Upon the trial of the defendant, his counsel objected to any testimony of any sales by him after the first day of October 1855. But the presiding judge ruled that, under this form of indictment, it was competent to introduce evidence of sales made at any time between said first day of October and the time of finding the indictment by the grand jury; and such evidence was accordingly introduced. The question is as to the correctness of this ruling.
It is essential to every indictment that there be a time specifically alleged as that in which the offence was committed. In cases of indictments charging a single act, a day certain must be stated, though it may not be necessary to prove the offence to have been committed on that day. Another class of offences authorizes and may require a more extended allegation of the time in which they were committed; as where a series of acts may enter into and constitute the offence. Such is the case of being a common seller. Sometimes the fact may be established
by the acts of the party done on a single day; and therefore an indictment for this offence, alleging it to have been committed on some one particular day, would be a good indictment. But usually in practice, and from the necessity of the case, it alleges the offence as having been committed by a series of acts done on different days named in the indictment, charging them to have been committed on a particular day named, and divers other days between that day and some other subsequent day particularly named; or as committed upon a particular day named, and divers days between that day and the time of finding the indictment. These forms of indictment have, in reference to this class of offences, been fully sanctioned by this court. Commonwealth v. Elwell, 1 Gray 463 , and cases there cited. Commonwealth v.
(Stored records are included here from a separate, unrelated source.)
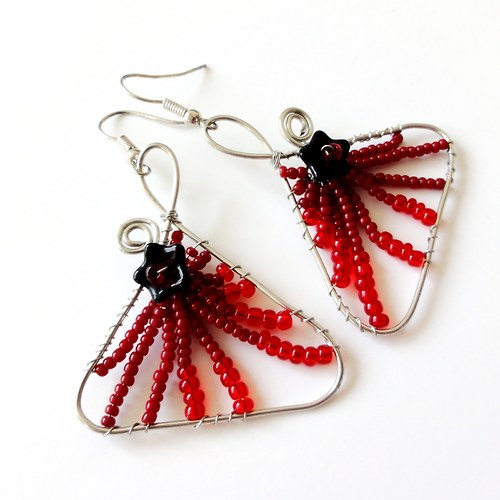 Červené trojúhelníčky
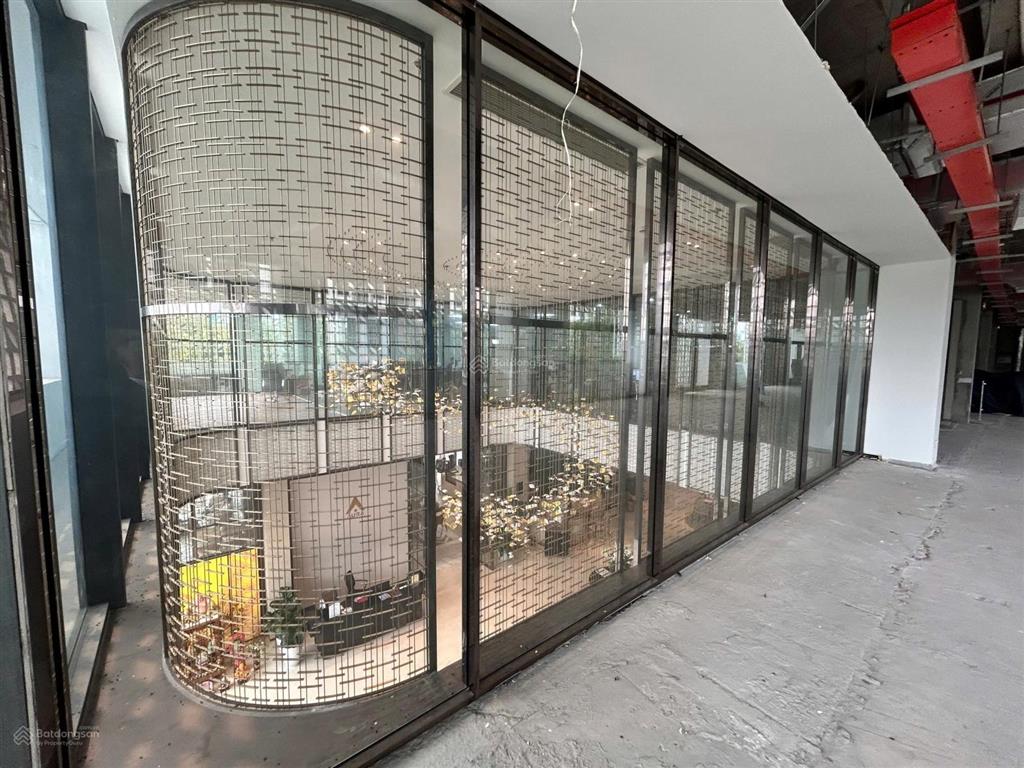 Bql cho thuê tòa nhà văn phòng aura  kđt the manor central park  diện tích 200m2 300nghìn/m2/th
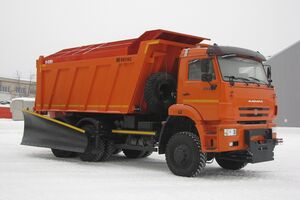 КДМ-7881011 на с.КамАЗ-6522 (ПС (сталь 09Г2С, V=10,5 м3), Боковой отвал, Монтажная плита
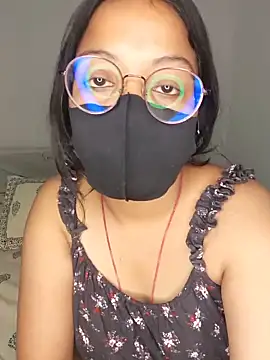 Snapshot of hottydisha chatting on 06/18/26, 09:14 hottydisha online show from 06/18/26, 09:14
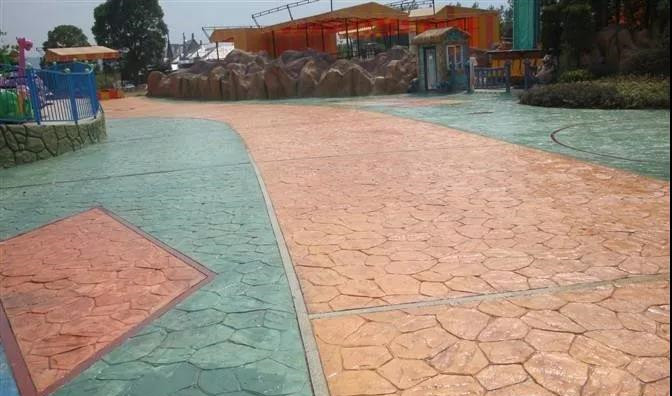 東營壓花地坪施工報價 山東壓花地坪材料多少錢一平方 亞斯特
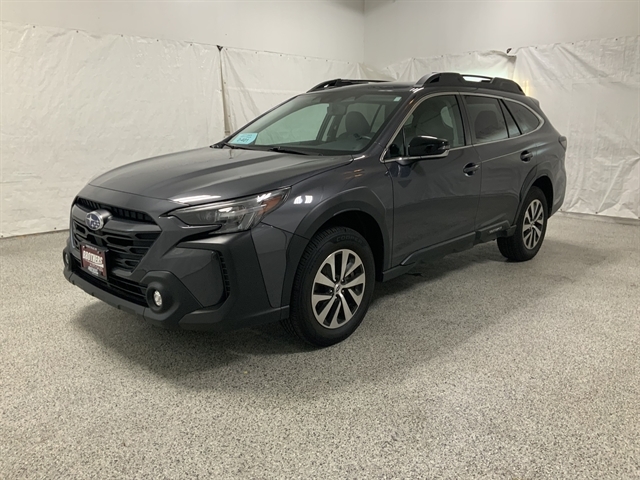 2024 Subaru Outback Premium's photo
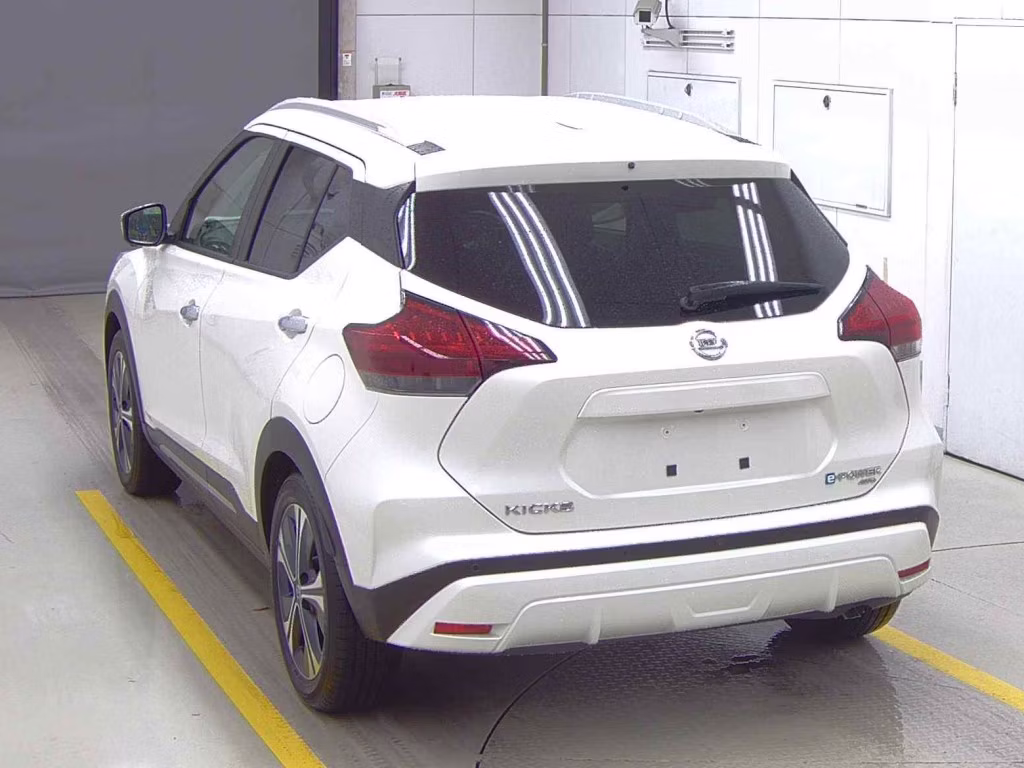 NISSAN KICKS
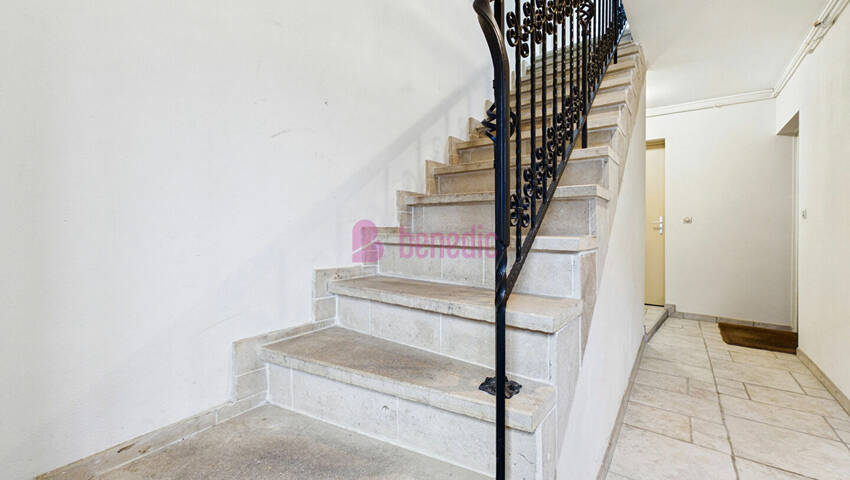 59798787o - Attribut alt par défaut.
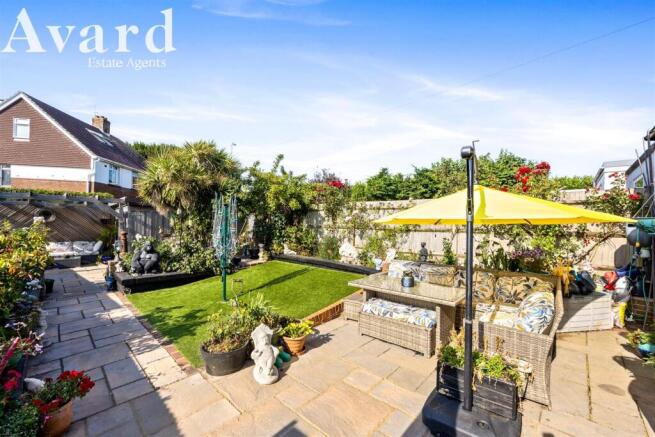 Millcross Road, 17-015.JPG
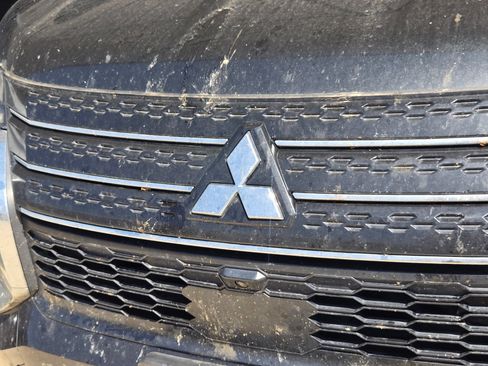 Used 2023 Mitsubishi Outlander SE FWD image 4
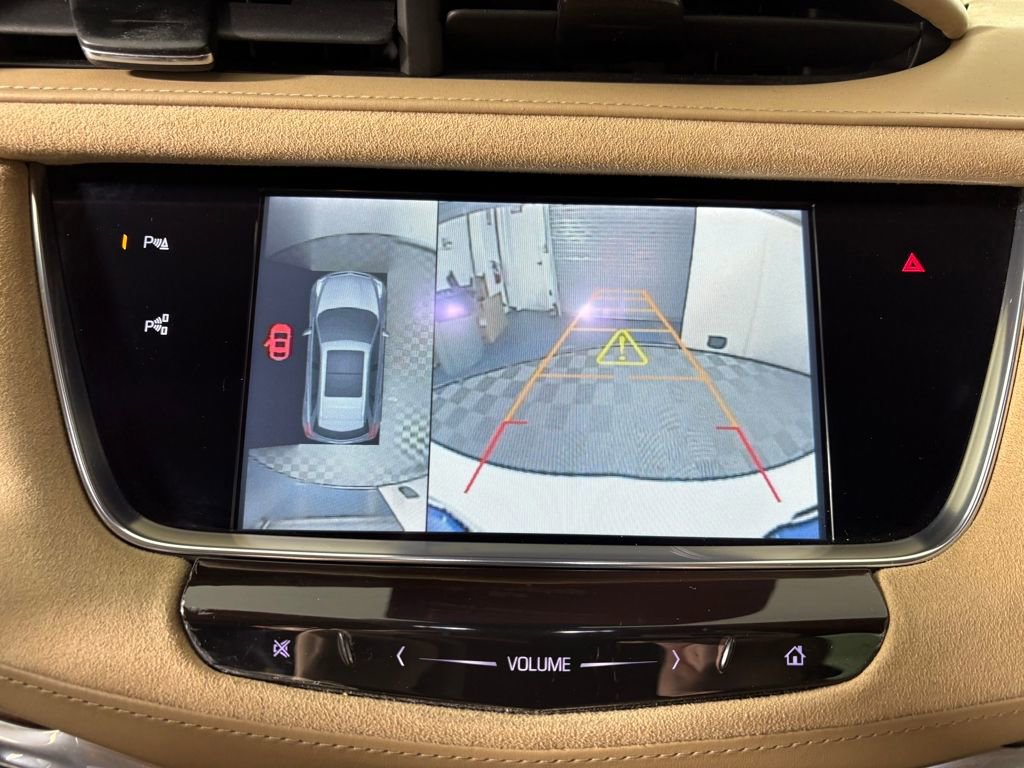 Used 2017 Cadillac XT5 Platinum w/ Driver Assist Package image 20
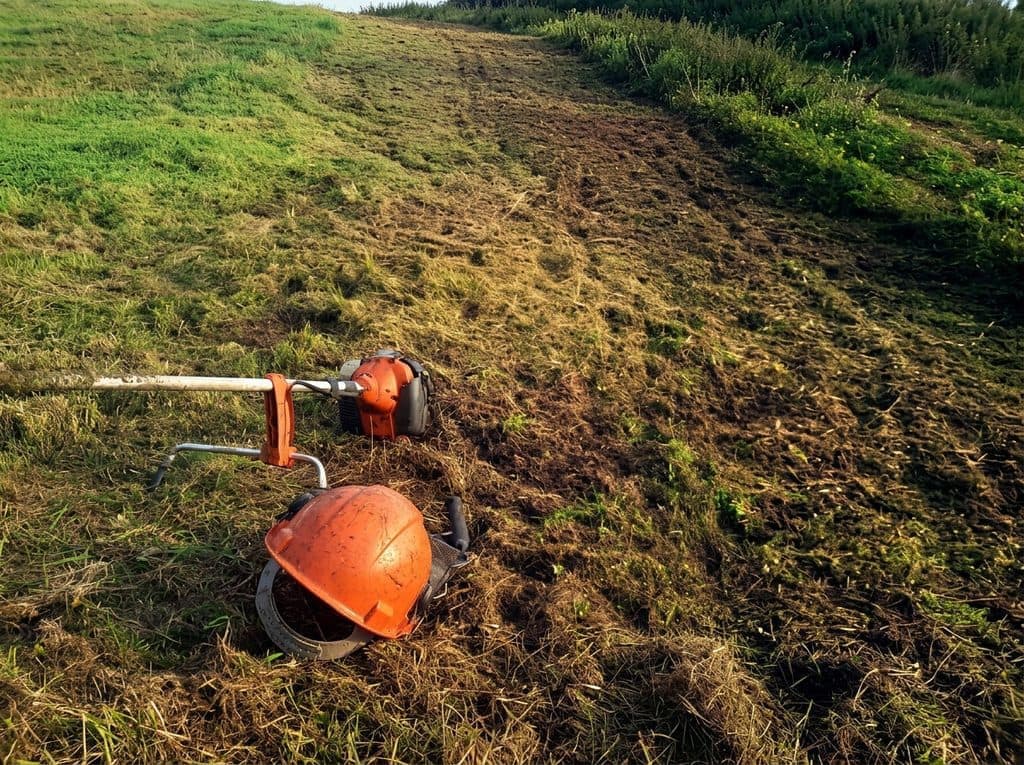 Desbroce de fincas en Boiro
Wood, 4 Gray 11 .
Under these forms, it has also been repeatedly held that the time alleged is material, and the prosecutor is limited to the precise period specified in the indictment. All acts, occurring either prior or subsequently to the period of time thus charged, are excluded as substantive acts, and are not admissible under such an indictment. The government have the right to charge the offence as a continuous one, to be established by proving a series of acts, but is held strictly to the precise period charged.
The question arising here is, whether an allegation that the defendant, "on the first day of October in the year of our Lord one thousand eight hundred and fifty five, and on divers days since," does allege any certain and definite time subsequent to the first day of October. If it does, then it was competent to introduce evidence tending to prove sales of liquor after the first day of October. If not, then the only time specifically charged was the first day of October, and all evidence of acts subsequent to that day should have been excluded.
Upon looking at the books of precedents, in which offences charged are not limited to a single specified day, we think it will be found that one or the other of the forms to which we have alluded has been adopted. The mode adopted in the present case, of stating the time as between a certain time named,
"and on divers days since," is, we think, a departure from that certainty of legal language which should be required. This phrase may include the whole period from the first day of October to the time of the finding of the bill; but, as legal language, it is not that certain, definite period of time, which the government should set forth in an indictment, where the time alleged is material. The objection is, that these words do not fix a day certain, or a period limited precisely in duration. The court are of opinion that, under this form of indictment, no offence is well charged except that of being a common seller on the first day of October, and that the evidence tending to prove sales after that day was improperly admitted.
J. W. Perry, for the defendant.
J. H. Clifford, (Attorney General,) for the Commonwealth.